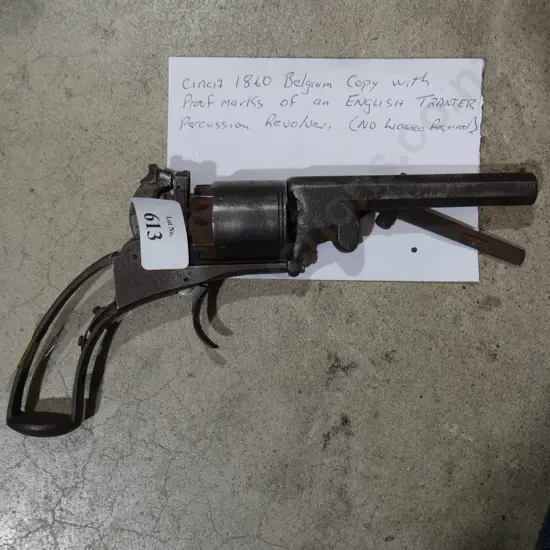 English percussion revolver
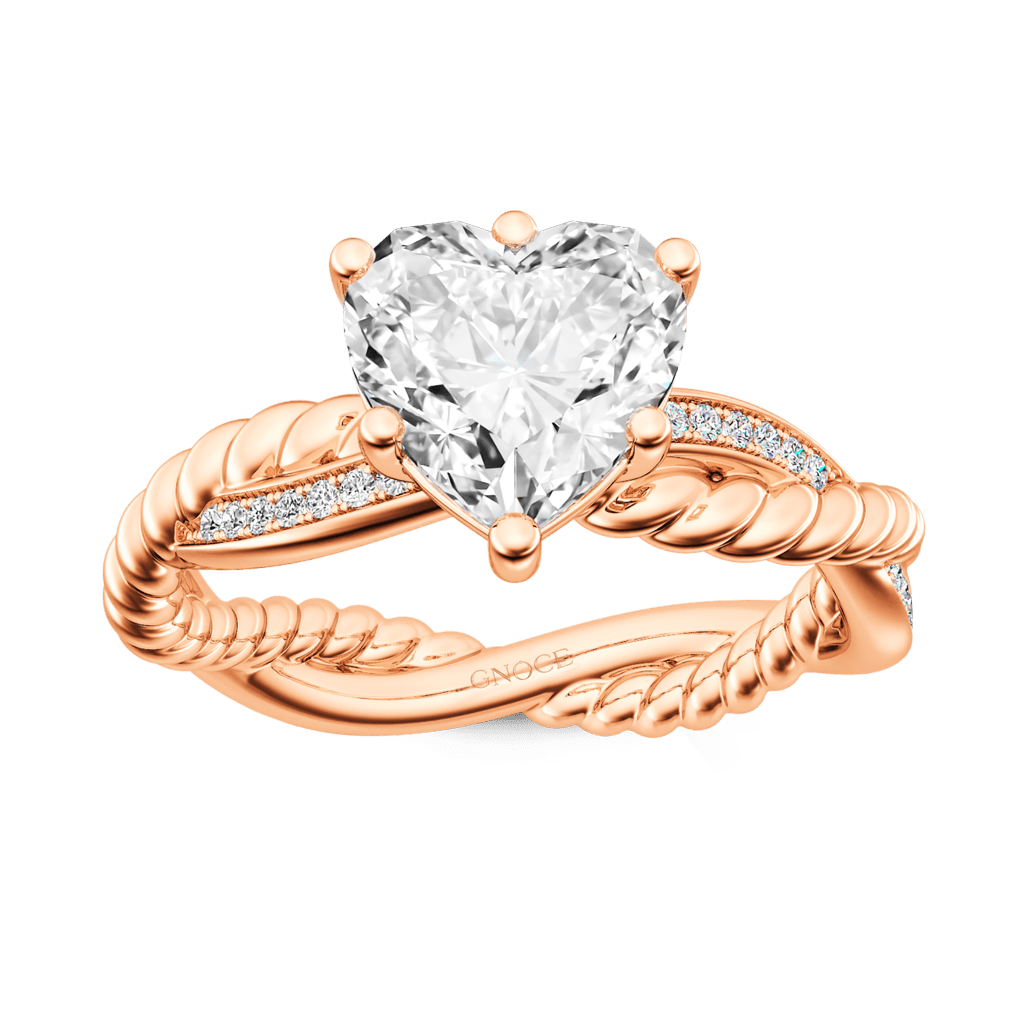 Gnoce Heart Twist Infinity Engagement Ring_1
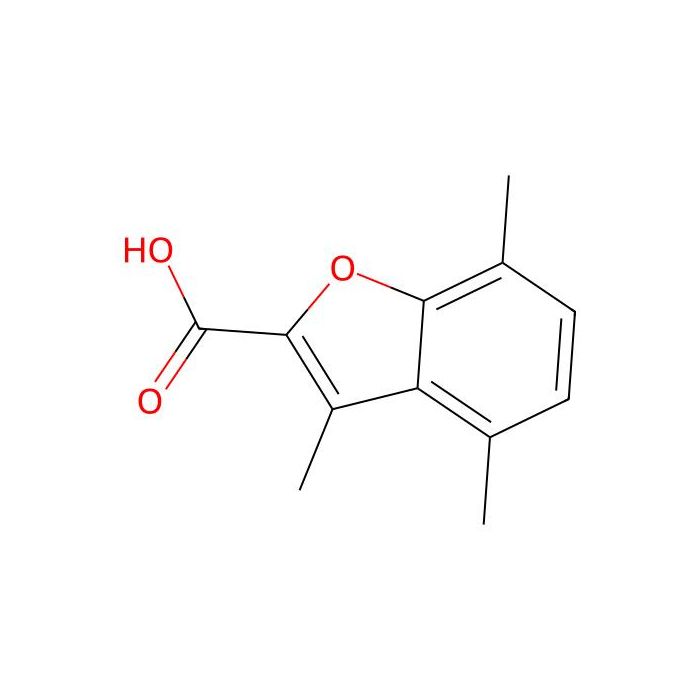 3,4,7-Trimethyl-1-benzofuran-2-carboxylic acid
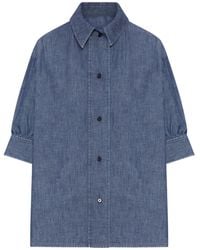 Jil Sander - Gathered-Sleeve Buttoned Shirt - Lyst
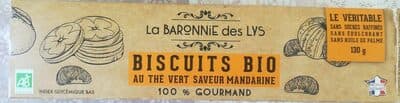 Biscuits Bio au Thé Vert Saveur Mandarine
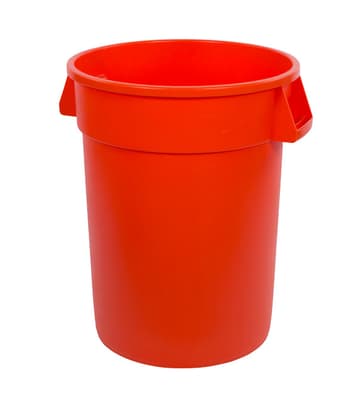 34103224 BRONCO CONTAINER 32 GAL ORANGE FOOD GRADE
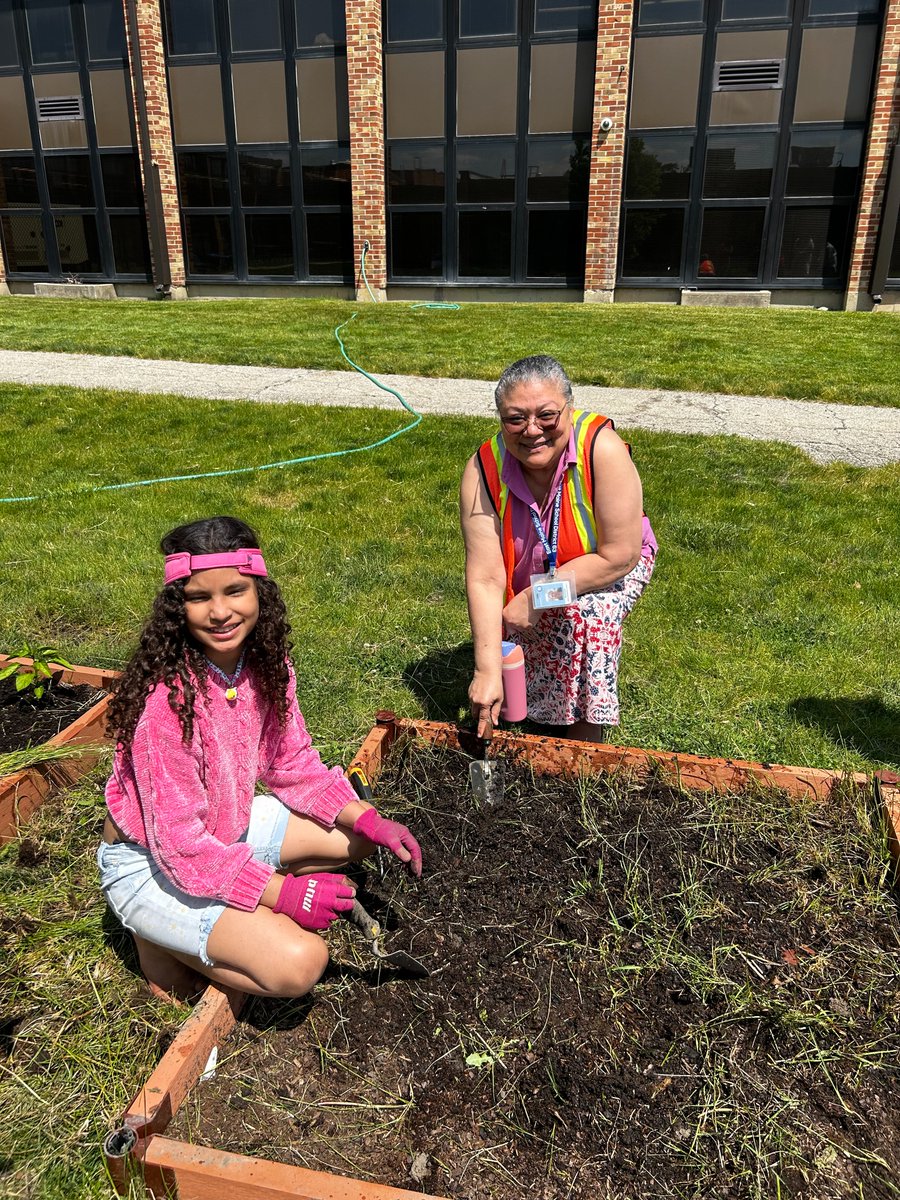 Students have been working hard in the Nelson garden!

Task directions — For this exercise, reproduce the data above exactly from the line containing "Gnoce Heart Twist Infinity Engagement Ring_1" through its final line, both ends included, with no pictures in the copy.

Task output —
 Gnoce Heart Twist Infinity Engagement Ring_1
 3,4,7-Trimethyl-1-benzofuran-2-carboxylic acid
 Jil Sander - Gathered-Sleeve Buttoned Shirt - Lyst
 Biscuits Bio au Thé Vert Saveur Mandarine
 34103224 BRONCO CONTAINER 32 GAL ORANGE FOOD GRADE
 Students have been working hard in the Nelson garden!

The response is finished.